PATHOS
On veut combattre l’indiscipline chez nos concitoyens ? Rien ne vaut ce bon et solide bâton pour violenter et bafouer la dignité et les droits de citoyens qui ont enfreint la loi. La loi ne bannit-elle pas le recours à des châtiments et sévices corporels?
On le sait depuis toujours, chaque événement, chaque avènement, chaque situation, faits survenus ou envisagés, nous révèlent à nous-mêmes et à la face du monde. Ils montrent qui nous sommes en vrai comme en apparence, démontrent notre versatilité morale et comportementale. On veut combattre l’indiscipline chez nos concitoyens? Rien ne vaut cette bonne vielle chicote, ou ce bon et solide bâton pour violenter, meurtrir, flétrir et bafouer la dignité et les droits de citoyens qui ont enfreint la loi. La loi ne bannit-elle pas le recours à des châtiments et sévices corporels, voire la torture?
Selon une certaine pratique, produit d’une culture moyenâgeuse, «qui méconnaît Dieu, connaîtra du bâton» (kou khamoul Yalla, khame yarr- dicton wolof), ou bien «kou fi mbam mbamlou, niou laobé laobélou». Cela s’applique même aux adversaires politiques, aux syndicalistes, aux activistes, etc.

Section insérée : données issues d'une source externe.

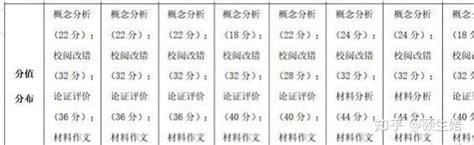 2021宁夏事业单位4月20日报名数据：最热岗位619人报名_点析公考_华图教育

C’est qui expliquerait sans toutefois le justifier en rien, la survivance tenace de la bastonnade, de la mise aux fers, du lynchage, aussi bien dans les commissariats de police, dans les prisons, dans les foyers, dans les daaras, dans les écoles, dans les manifestations sportives, que dans le débat public ou la violence des diatribes et des images échangées ou relayées, notamment à travers les médias et hors média (réseaux sociaux), dans la rue, au tribunal, dans les marchés et grands places, dans les cérémonies, etc.).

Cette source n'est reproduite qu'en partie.